■ **AVAILABLE RECORDS**

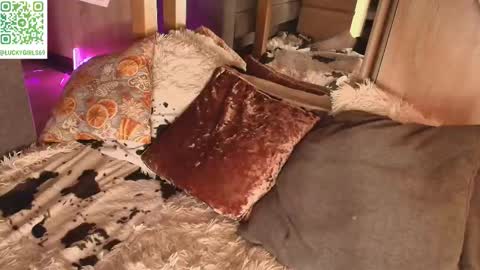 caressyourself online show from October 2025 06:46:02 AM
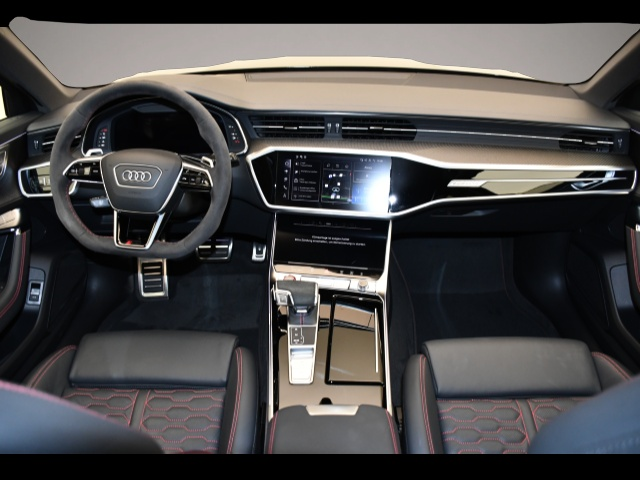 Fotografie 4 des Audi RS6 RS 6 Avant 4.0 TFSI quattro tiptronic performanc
* * *
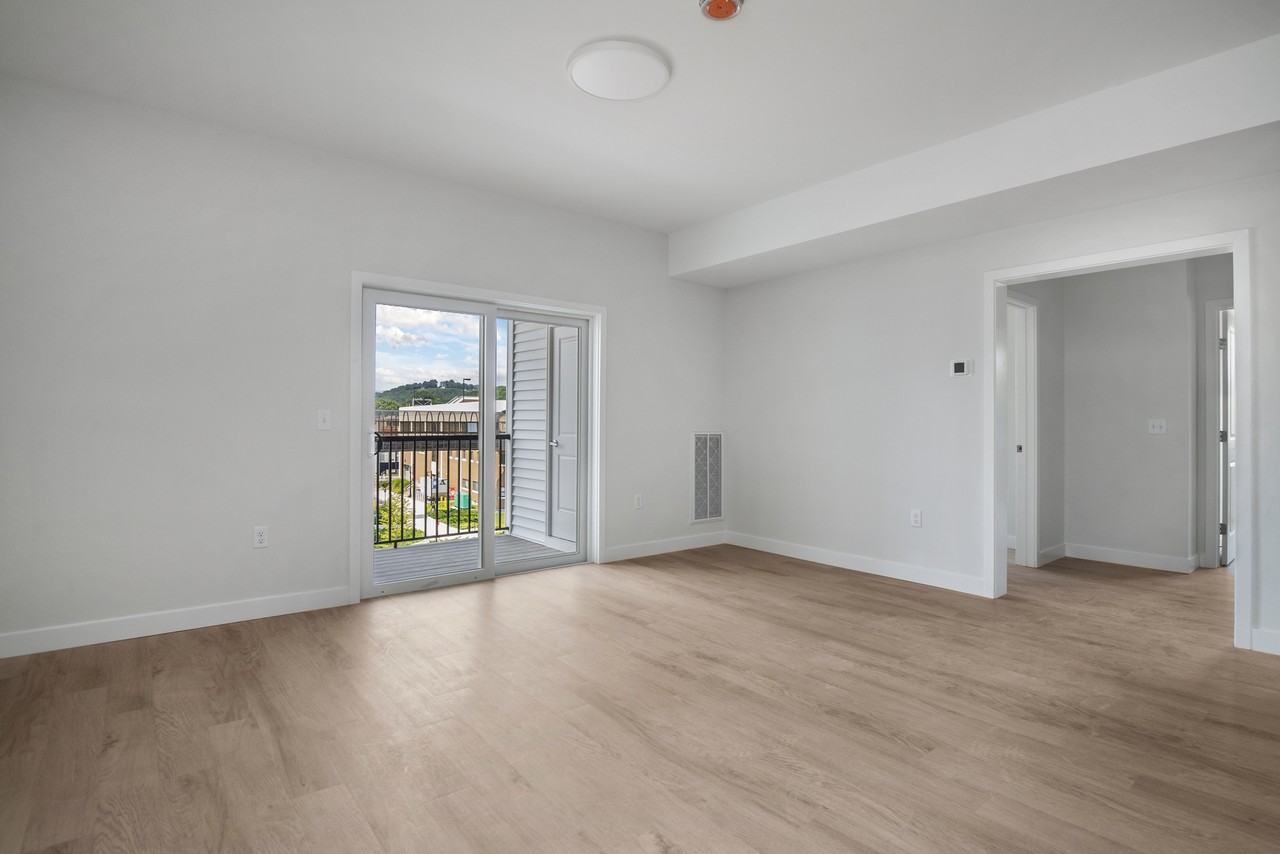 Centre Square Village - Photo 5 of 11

■ **TASK DETAILS**
Your answer is the exact run of lines above from the one with "caressyourself online show" through the one with "Fotografie 4 des", both ends included, minus any picture.

■ **OUTPUT**
 caressyourself online show from October 2025 06:46:02 AM
 Fotografie 4 des Audi RS6 RS 6 Avant 4.0 TFSI quattro tiptronic performanc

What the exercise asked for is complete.